Traction Battery Pack Immersion Thermal Management System with Liquid Coolant Channels Established by Battery Cells

This disclosure details exemplary immersion thermal management systems having battery cell that contact each other to establish coolant channels.

Electrified vehicles differ from conventional motor vehicles because electrified vehicles include a drivetrain having one or more electric machines. The electric machines can drive the electrified vehicles instead of, or in addition to, an internal combustion engine. A traction battery pack assembly can power the electric machines.

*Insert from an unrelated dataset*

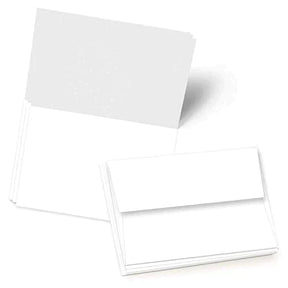 A4 - 4" x 6" (When Folded) Heavyweight Blank White Greeting Cards with Envelopes - 50 Cards & Envelopes FoldCard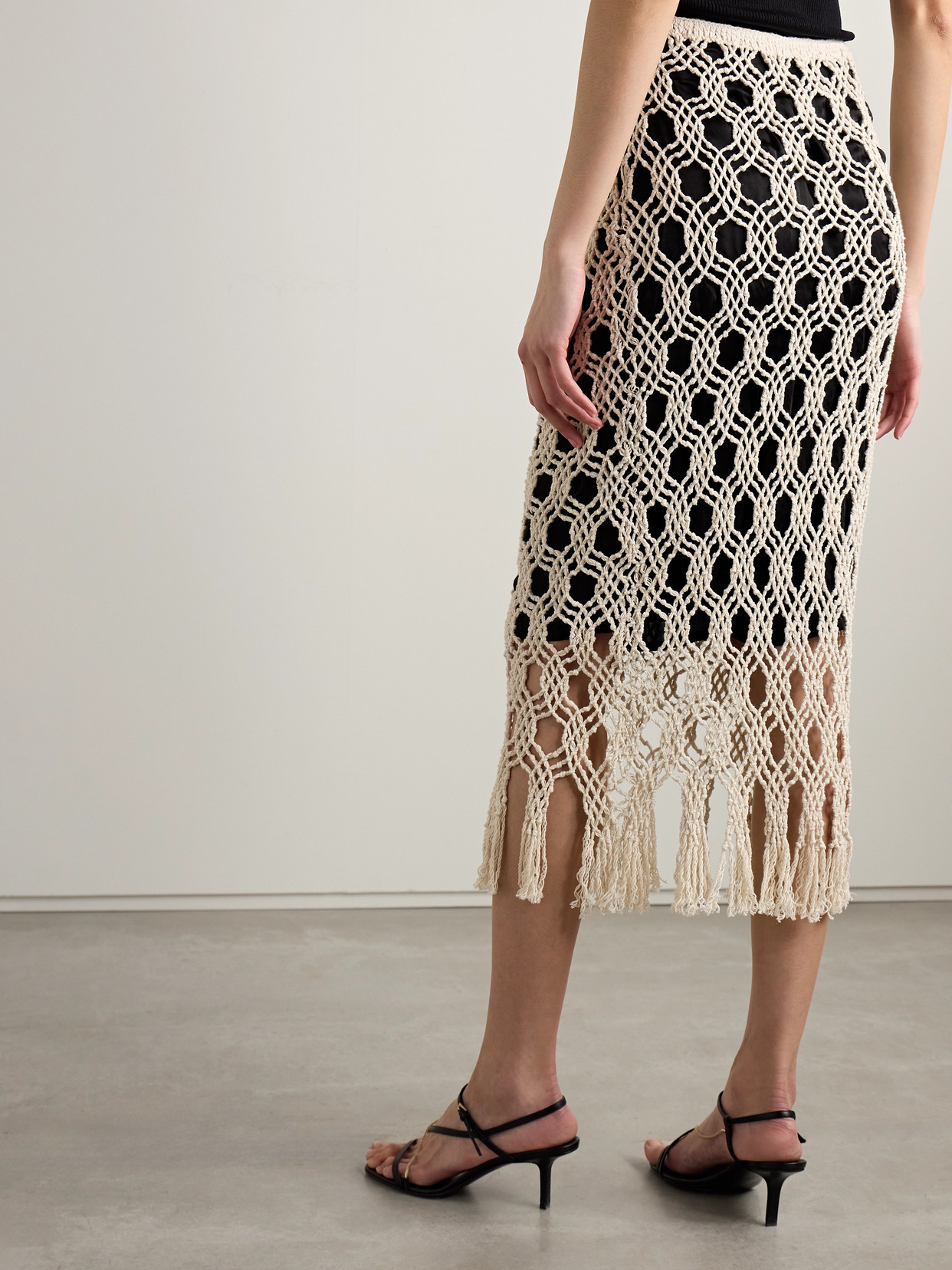 DIOTIMA SPARROW FRINGED CROCHETED COTTON MIDI SKIRT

As part of an immersion thermal management system, coolant can be moved through the traction battery pack to help manage thermal energy within the traction battery pack.

In some aspects, the techniques described herein relate to a traction battery pack immersion thermal management system, including: an enclosure assembly; and a plurality of cylindrical battery cells housed within a cell compartment of the enclosure, the plurality of cylindrical battery cells contacting each other to establish a perimeter of a liquid coolant channel within the enclosure.

In some aspects, the techniques described herein relate to an immersion thermal management system, wherein the complete perimeter of the liquid coolant channel is provided by no more than three cylindrical battery cells.

In some aspects, the techniques described herein relate to an immersion thermal management system, wherein the liquid coolant channel has a triangular profile.

In some aspects, the techniques described herein relate to an immersion thermal management system, wherein the plurality of battery cells each extend longitudinally along a battery cell axis, wherein the liquid coolant channel extends longitudinally along a liquid coolant channel axis that is parallel to the battery cell axes.

In some aspects, the techniques described herein relate to an immersion thermal management system, wherein the plurality of cylindrical battery cells are configured to vent into a venting compartment.

In some aspects, the techniques described herein relate to an immersion thermal management system, further including at least one conduit spanning through the venting compartment from the cell compartment to a coolant collection compartment, the at least one conduit configured to communicate liquid coolant from the cell compartment to the coolant collection compartment.

In some aspects, the techniques described herein relate to an immersion thermal management system, wherein the venting compartment is sandwiched between the cell compartment and the coolant collection compartment.

In some aspects, the techniques described herein relate to an immersion thermal management system, wherein the plurality of cylindrical battery cells are vertically above the venting compartment.

In some aspects, the techniques described herein relate to an immersion thermal management system, wherein the plurality of cylindrical battery cells each vent through a floor of the cell compartment.

In some aspects, the techniques described herein relate to an immersion thermal management system, wherein the at least one conduit opens to a liquid coolant channel.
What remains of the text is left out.